Tras 18 partidos sin conocer la victoria, la Lepra venció 1-0 a Gimnasia de Mendoza con un gol de Mazzanti sobre la hora y calmó las aguas en el Parque Independencia.
El Estadio Marcelo Bielsa fue testigo de un desahogo histórico. En un clima de extrema sensibilidad por una crisis deportiva que parecía no tener fin, Newell’s Old Boys logró imponerse ante Gimnasia de Mendoza, rompiendo una racha negativa que arrastraba desde noviembre del año pasado. La victoria no solo representa tres puntos en la tabla, sino un tanque de oxígeno vital para el ciclo de Frank Kudelka y una institución que venía de días convulsos tras la renuncia de Roberto Sensini a la dirección deportiva.
Desde el pitazo inicial, el conjunto rojinegro mostró una actitud renovada, realizando siete cambios respecto a la dura derrota sufrida ante Lanús. Sin embargo, el destino pareció jugarles una mala pasada temprana cuando el VAR anuló un gol de Walter Mazzanti a los cinco minutos por una posición adelantada milimétrica. Ese fallo arbitral instaló un manto de duda y nerviosismo en las tribunas, haciendo que el equipo perdiera el orden inicial y permitiera que el “Lobo” mendocino generara peligro de contraataque.
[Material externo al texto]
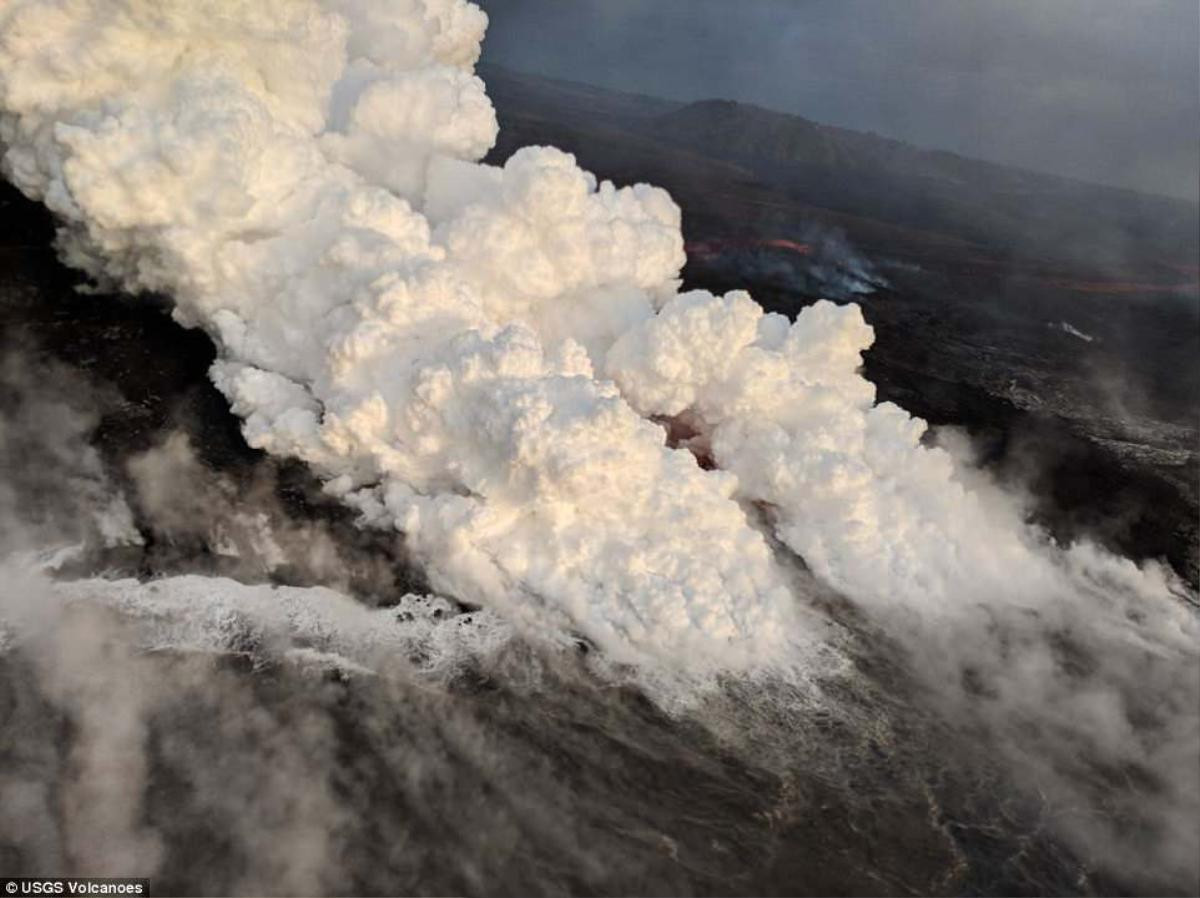 Kinh hãi dòng sông nham thạch đỏ rực ở Hawaii chảy cuồn cuộn Ảnh 6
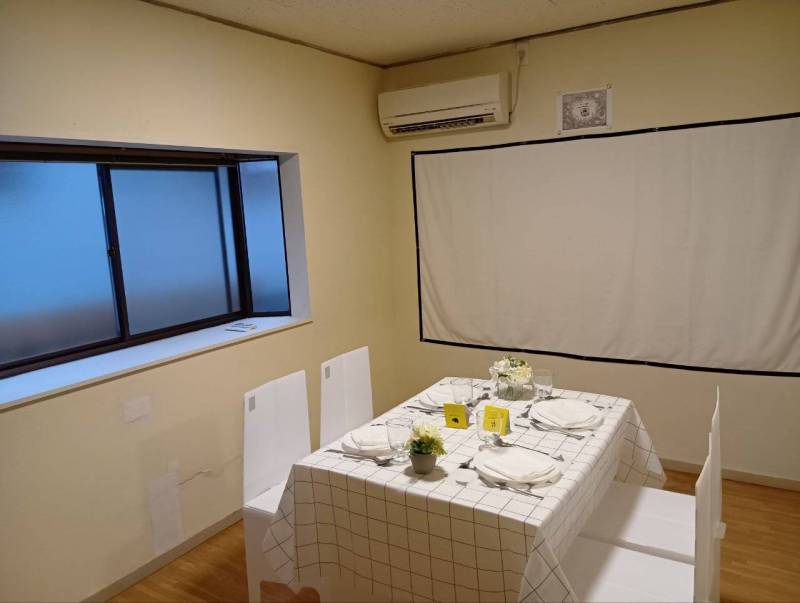 100インチスクリーンで映画を楽しめます。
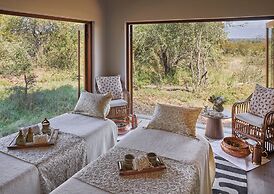 Taj Bush Lodge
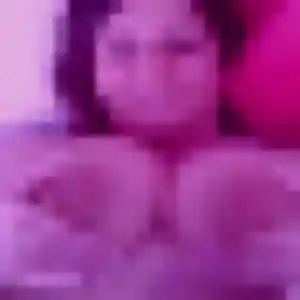 Découvre Alicia, 28 ans à Villeron gratuitement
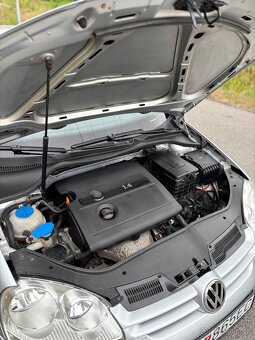 Parádny Vw Golf generácia 5 1.4 benzín 55kw - 18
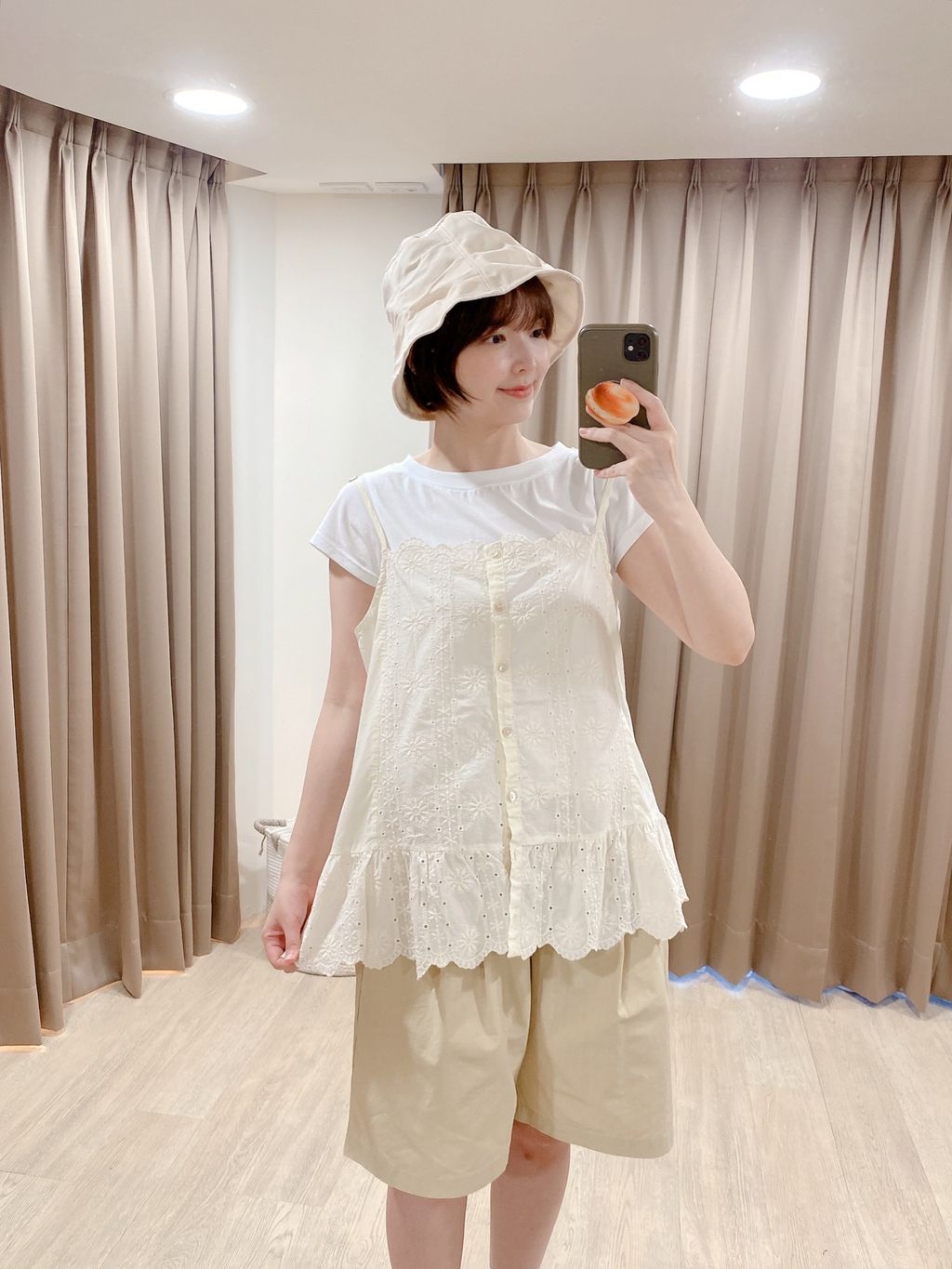 A9F83866-6A62-4DA6-8BA6-B55D930F5FDB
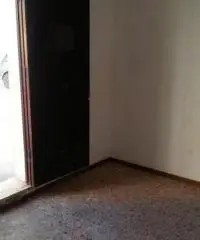 DEPOSITO DI 40MQ SPAZIO ESTERNO COMUNE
Durante el desarrollo del encuentro, la tensión se palpaba en cada rincón del Coloso. Newell’s dominaba la posesión pero carecía de profundidad, mientras que Gimnasia apostaba al juego directo, exigiendo en más de una ocasión la intervención del arquero Barlasina. El partido entró en una meseta de imprecisiones donde el desorden táctico reflejaba la urgencia de ambos bandos, pero la fe del equipo rosarino se mantuvo intacta gracias al empuje de su gente.
Cuando el empate parecía sentenciado y los fantasmas de la racha adversa sobrevolaban el campo de juego, apareció nuevamente Mazzanti para cambiar la historia. Tras una gran combinación colectiva entre Sotelo, Núñez y Russo, el extremo conectó un centro preciso en el segundo palo para empujar la pelota a la red en el minuto final. El grito de gol fue una explosión de rabia y alivio que unió a jugadores e hinchas en un abrazo eterno, marcando el fin de 133 días sin festejos.
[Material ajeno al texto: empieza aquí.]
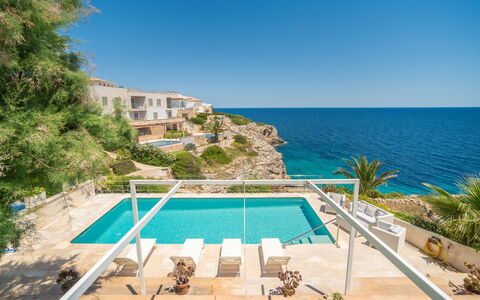 Magrana Pool House: Piscine, Recours, Côte, Cotiers Et Relief Océaniques, Mer, Villa, Biens, Océan, Station Balnéaire, Rive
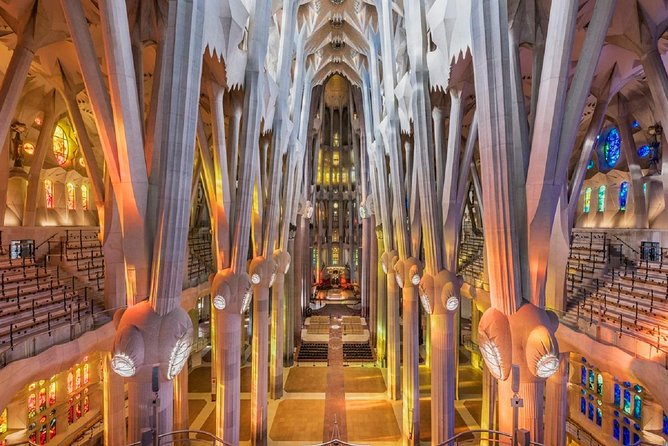 Sagrada Familia Private Guided Tour With Skip the Line Tickets - Whats Included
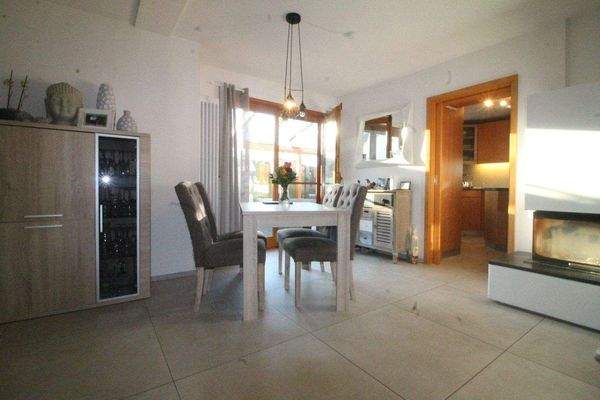 Toller Essbereich mit Sonnenstrahlen.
Este triunfo por la mínima diferencia corta una sangría de 18 encuentros sin ganar y posiciona a Newell’s con una perspectiva diferente de cara al futuro inmediato del Torneo Apertura 2026. Si bien el funcionamiento futbolístico aún requiere ajustes profundos, la recuperación anímica es el primer paso hacia la redención. En Rosario, la noche del sábado no fue una más; fue el regreso a la victoria de un gigante que necesitaba, desesperadamente, volver a creer en sí mismo.